_Task requirements_. Write the records out once more, exactly as they are given.

(Stored items from a collection)
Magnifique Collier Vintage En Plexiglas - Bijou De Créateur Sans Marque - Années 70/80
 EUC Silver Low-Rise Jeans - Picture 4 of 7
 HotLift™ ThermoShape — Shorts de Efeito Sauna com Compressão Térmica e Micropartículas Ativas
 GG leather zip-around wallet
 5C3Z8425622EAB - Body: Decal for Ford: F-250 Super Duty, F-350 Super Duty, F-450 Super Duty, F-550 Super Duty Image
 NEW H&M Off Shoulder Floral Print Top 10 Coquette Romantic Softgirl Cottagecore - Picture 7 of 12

_Final answer_.
Magnifique Collier Vintage En Plexiglas - Bijou De Créateur Sans Marque - Années 70/80
 EUC Silver Low-Rise Jeans - Picture 4 of 7
 HotLift™ ThermoShape — Shorts de Efeito Sauna com Compressão Térmica e Micropartículas Ativas
 GG leather zip-around wallet
 5C3Z8425622EAB - Body: Decal for Ford: F-250 Super Duty, F-350 Super Duty, F-450 Super Duty, F-550 Super Duty Image
 NEW H&M Off Shoulder Floral Print Top 10 Coquette Romantic Softgirl Cottagecore - Picture 7 of 12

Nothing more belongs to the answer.